Randomness, Quantum Mechanics - and Cryptography

Perry E. Metzger perry at piermont.com
Wed Sep 8 10:58:56 EDT 2010


On Tue, 7 Sep 2010 22:22:57 -0400 Jerry Leichter <leichter at lrw.com>
wrote:
> On Sep 6, 2010, at 10:49 PM, John Denker wrote:
> > It's easy to pin down.  If it's unpredictable to the attacker,
> > it's unpredictable enough for all practical purposes.
> I was talking about mathematical, even philosophical, underpinnings
> - not "practical purposes".
> 
> In any case, even if you are concerned with practice, the
> statement that something is "unpredictable to the attacker" sounds
> suspect.
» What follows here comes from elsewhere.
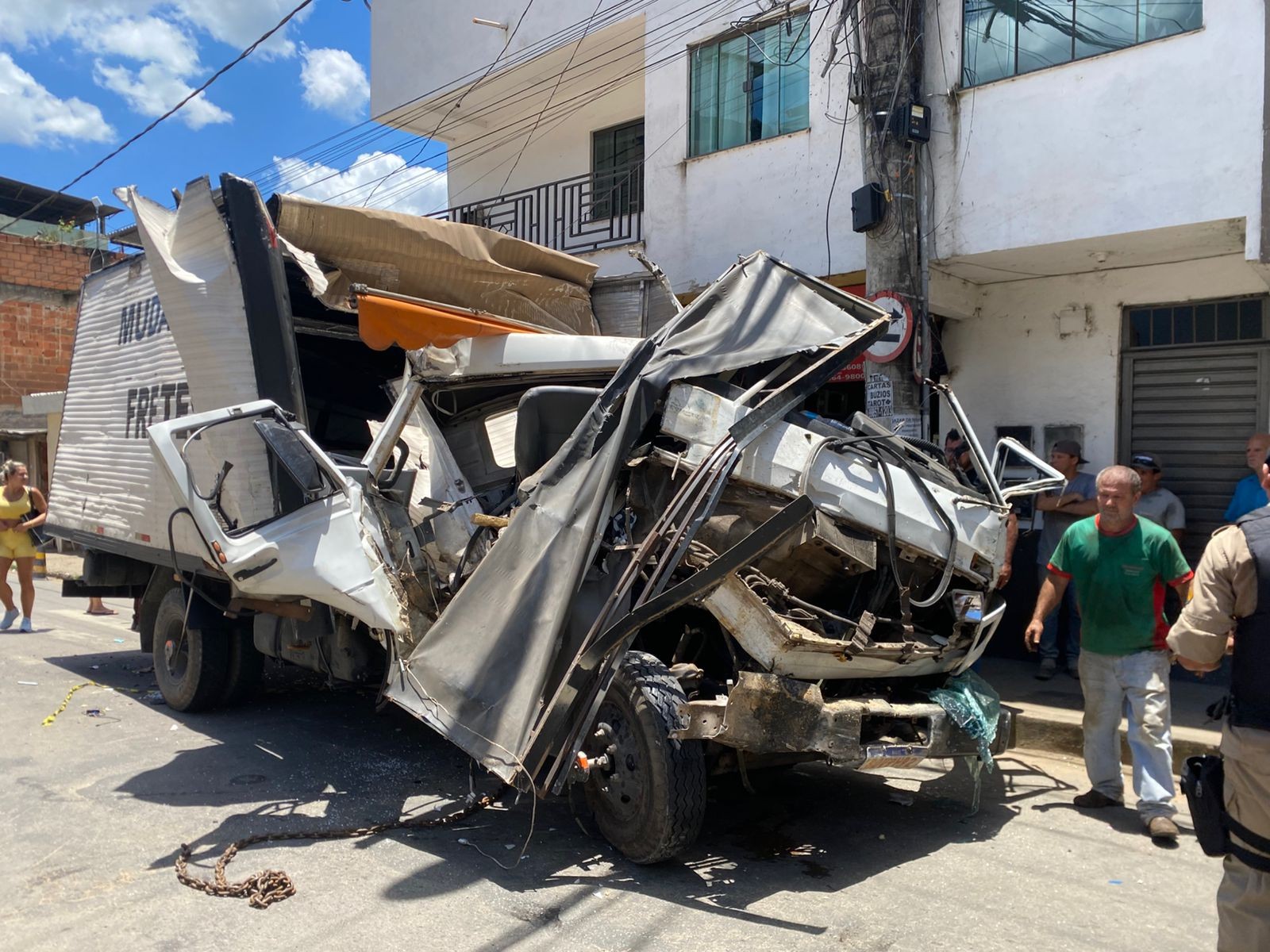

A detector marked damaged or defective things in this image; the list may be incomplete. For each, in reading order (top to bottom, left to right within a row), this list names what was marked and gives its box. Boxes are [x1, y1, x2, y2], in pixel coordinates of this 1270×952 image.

After all, most junk cryptographic arguments claim that
> some algorithm is "not reversible by the attacker".  One should
> really expect more.

Actually, I've seen a significant number of proofs in the crypto world
that amount to "show that the attacker cannot distinguish these bits
from a set of random bits with probability better than uninformed
guessing".

It appears to be reasonable to think that if the attacker cannot
distinguish a stream from a "true" random stream, or cannot predict
the next bit with better probability than chance, the attacker has no
handle on which to base an attack. I would invite people who are
more versed on this topic to chime in.